◆ **Exercise prompt**
Below are records with pictures; copy word for word only the lines between the line with "Traditional biological research" and the line with "Smart Wireless relay", inclusive, and drop the pictures.

◆ **Dataset records**

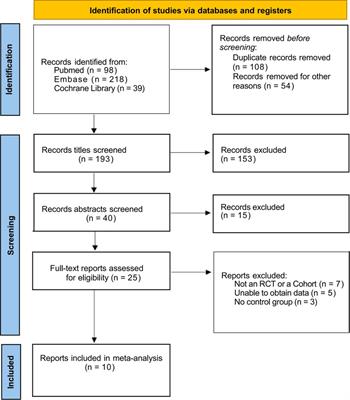 Effects of remnant preservation in anterior cruciate ligament reconstruction: A systematic review and meta-analysis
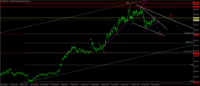 Chart XAUUSD, H1, 2024.04.28 13:12 UTC, Key to Markets Group Ltd, MetaTrader 4, Real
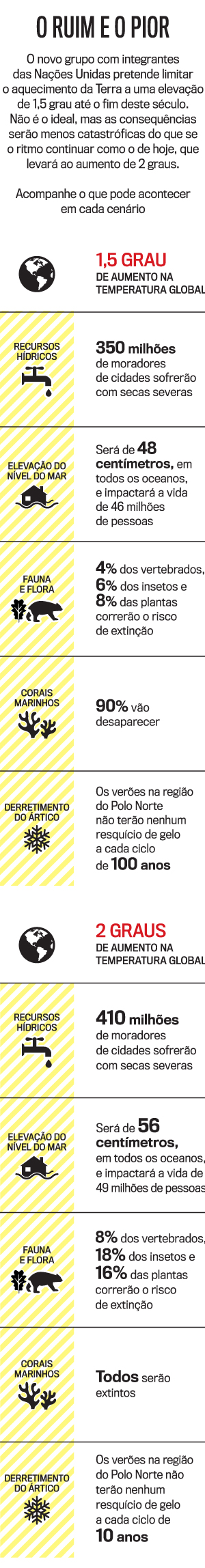 arte-aquecimento-global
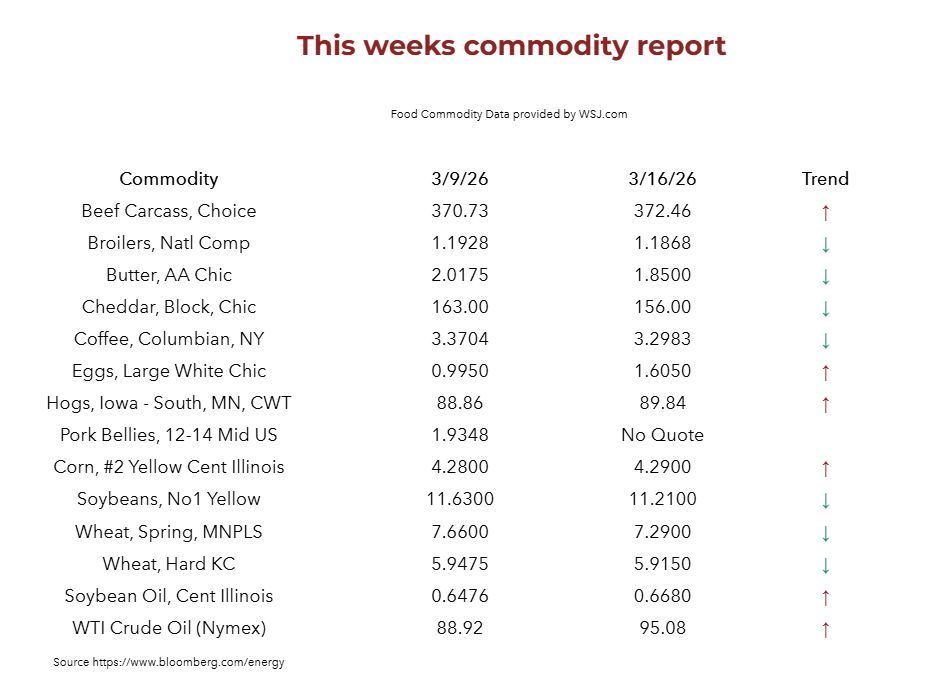 Team4_Foods's tweet photo. This weeks foodservice commodity report. https://t.co/kkqgSteVSz Contact Team Four Foods to find out how to lower your food costs. 1-888-891-3103 #commodity #food #T4 https://t.co/uOIusUdXzt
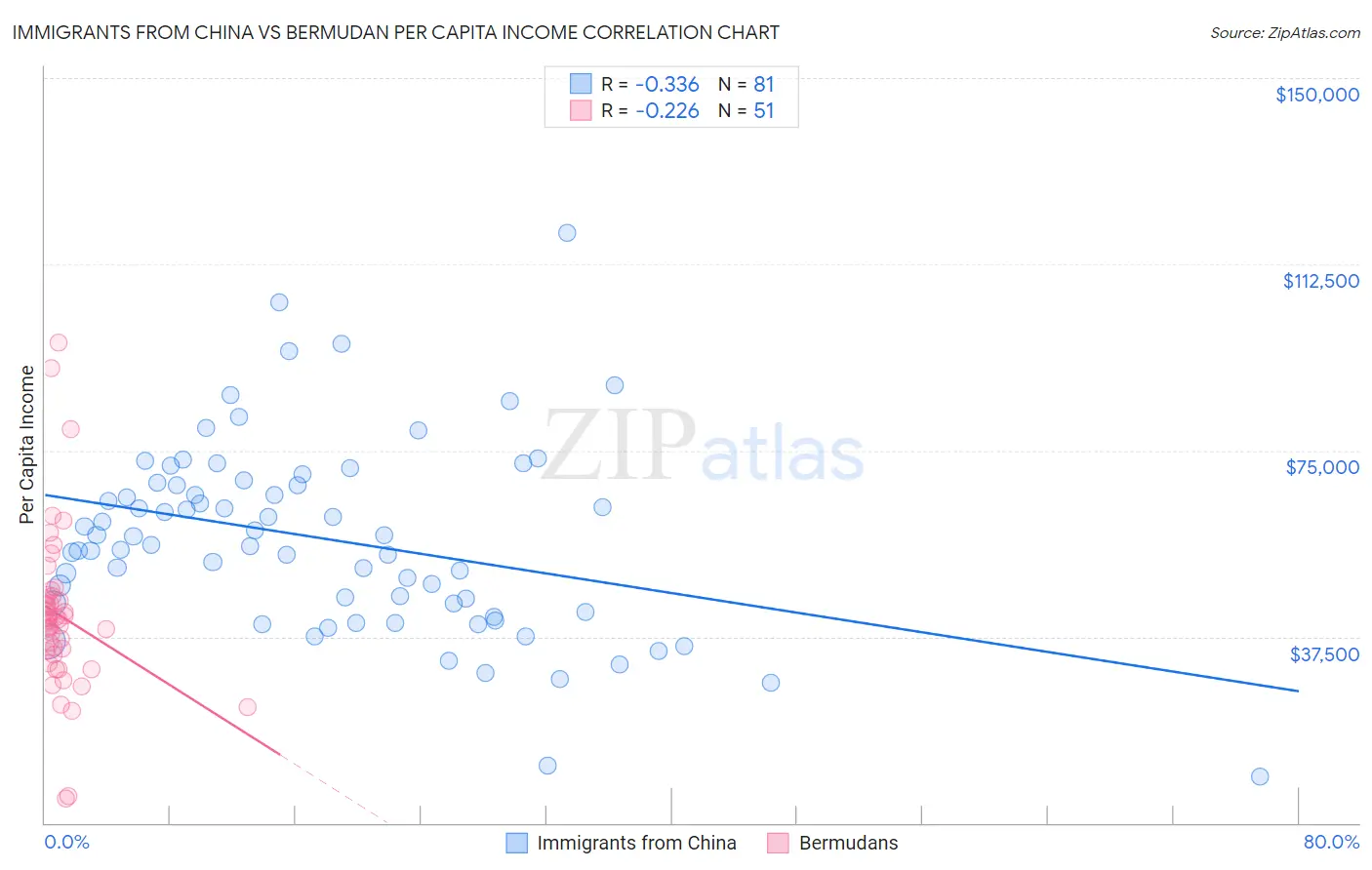Immigrants from China vs Bermudan Per Capita Income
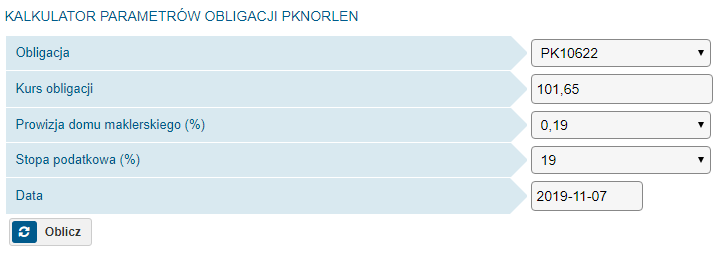 kalkulator,rentowności,obligacji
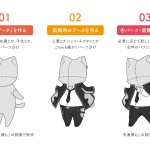 キャラクターの別ポーズ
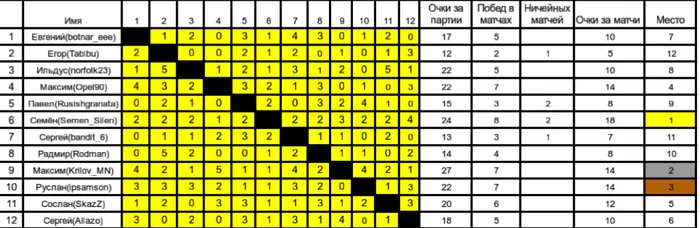 The results of the second peek-a-boo long backgammon tournament. - My, Backgammon, Tournament, Competitions, No rating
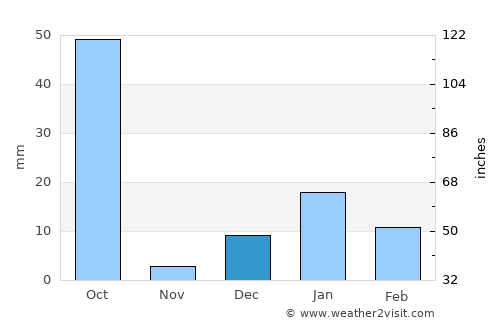 Safīpur average rain in December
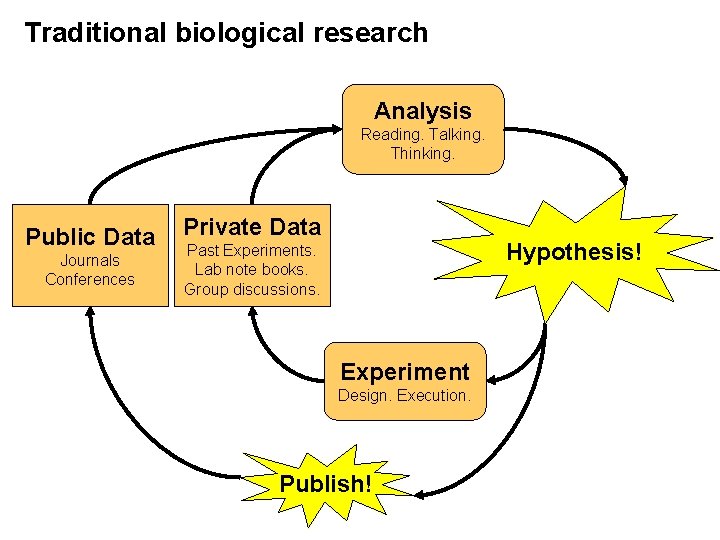 Traditional biological research Analysis Reading. Talking. Thinking. Public Data Journals Conferences Private Data Hypothesis!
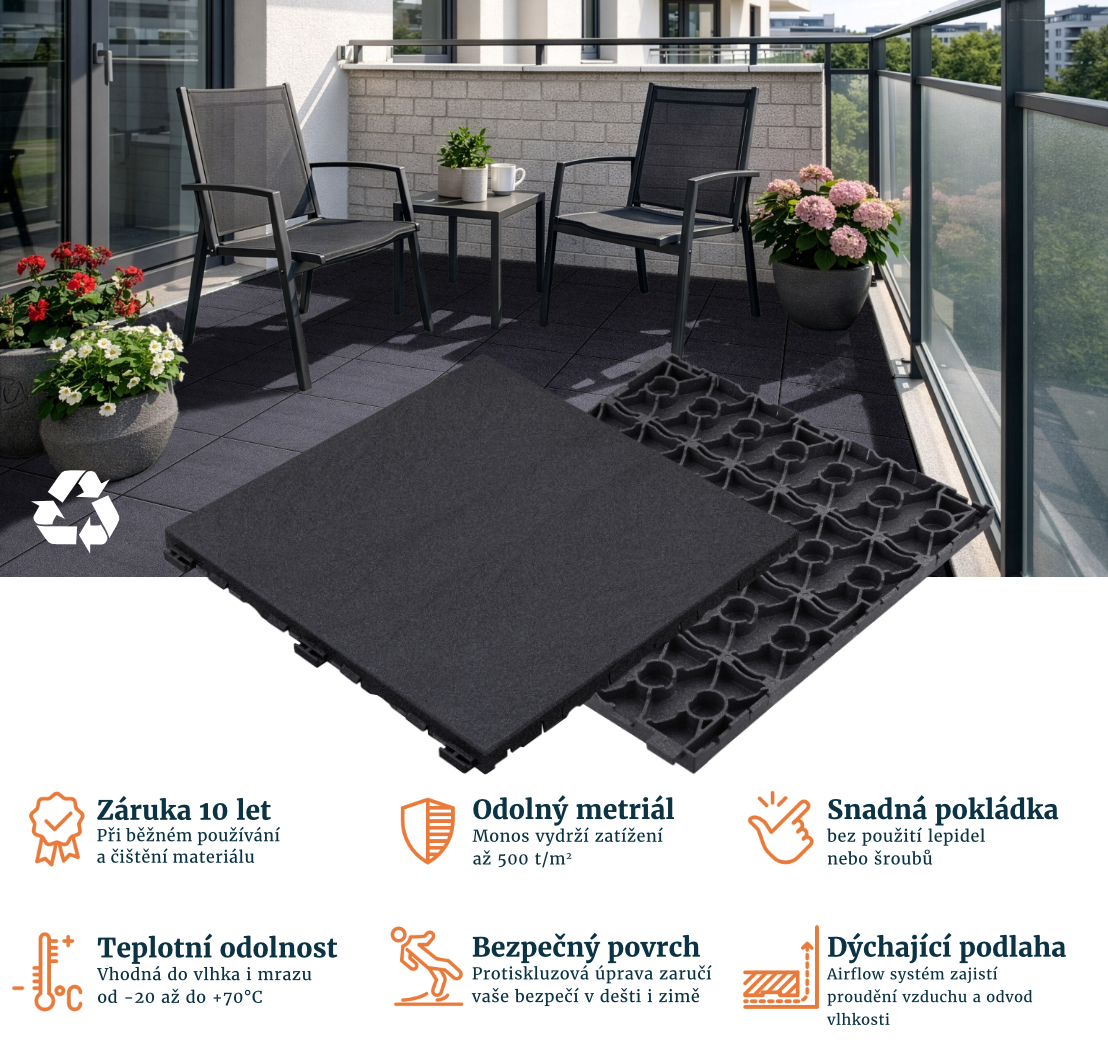 Mrazuvzodorná plastová dlažba SimpleJack Monos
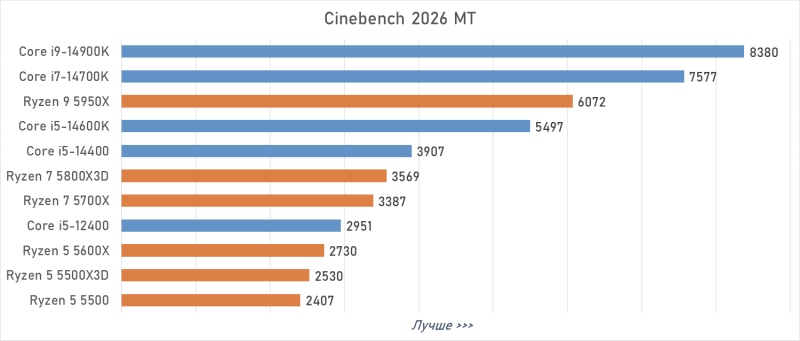 Лучший процессор под DDR4 в 2026 году: AM4 против LGA 1700
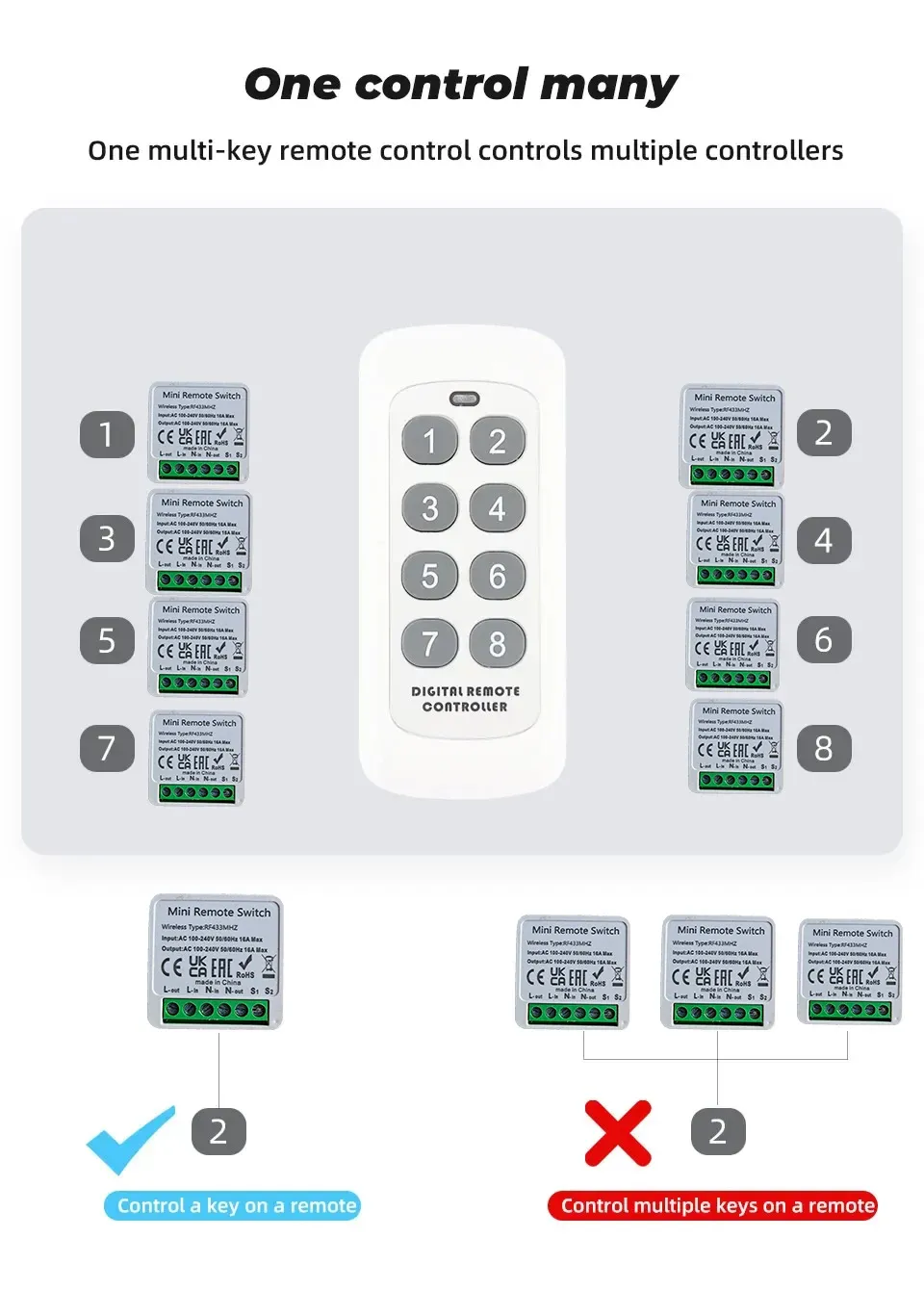 Smart Wireless relay and switches Module with LED Lighting Controller ...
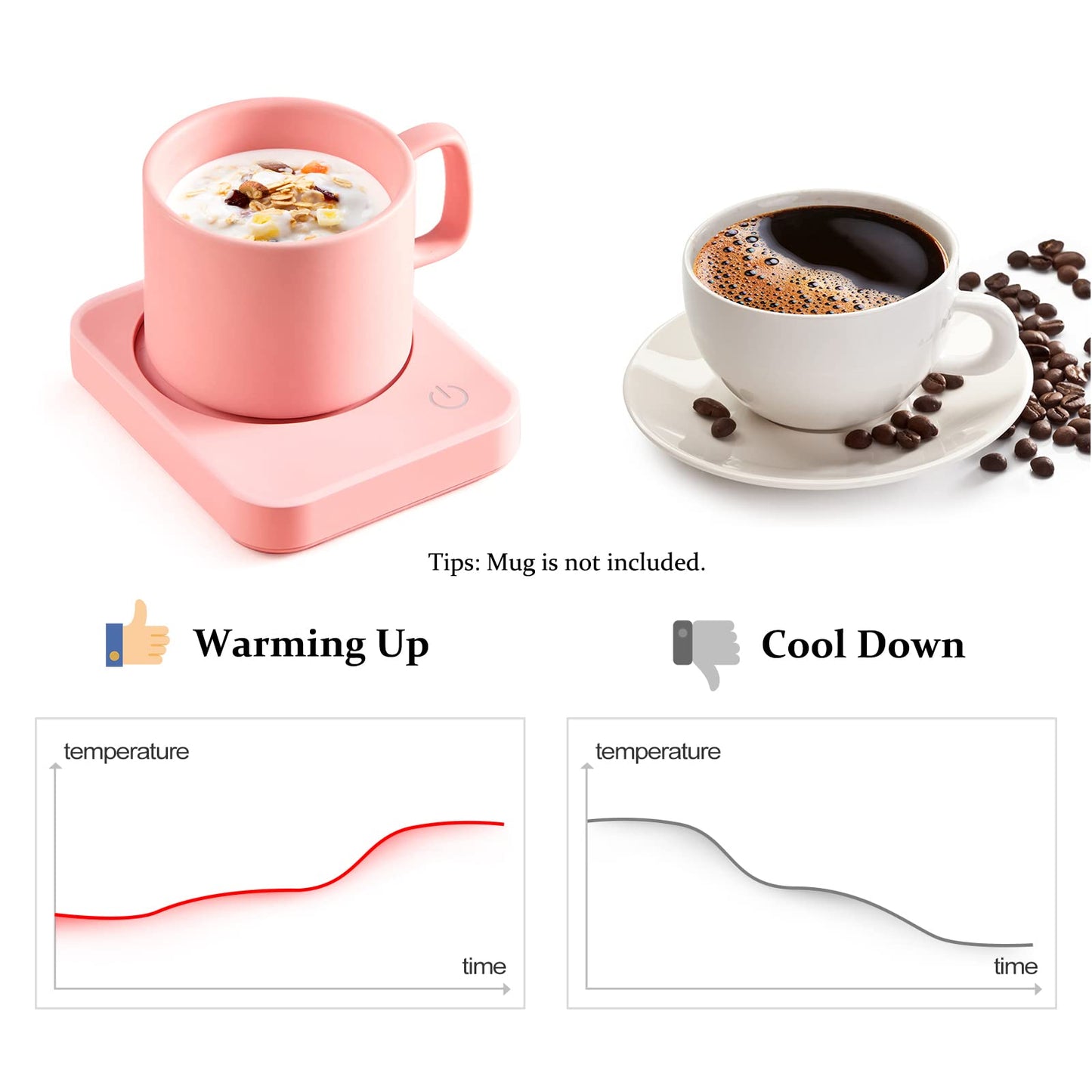 VOBAGA Coffee Mug Warmer for Desk with Auto Shut Off & 3-Temp Settings, Coffee Cup Warmer Galentines Day Gift Home Office Accessory, Perfect for Coffee, Tea, Milk (No Mug)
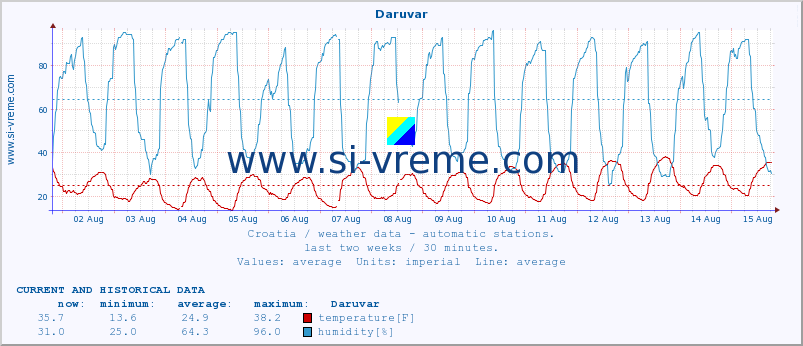  :: Daruvar :: temperature | humidity | wind speed | air pressure :: last two weeks / 30 minutes.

◆ **Completed exercise**
 Traditional biological research Analysis Reading. Talking. Thinking. Public Data Journals Conferences Private Data Hypothesis!
 Mrazuvzodorná plastová dlažba SimpleJack Monos
 Лучший процессор под DDR4 в 2026 году: AM4 против LGA 1700
 Smart Wireless relay and switches Module with LED Lighting Controller ...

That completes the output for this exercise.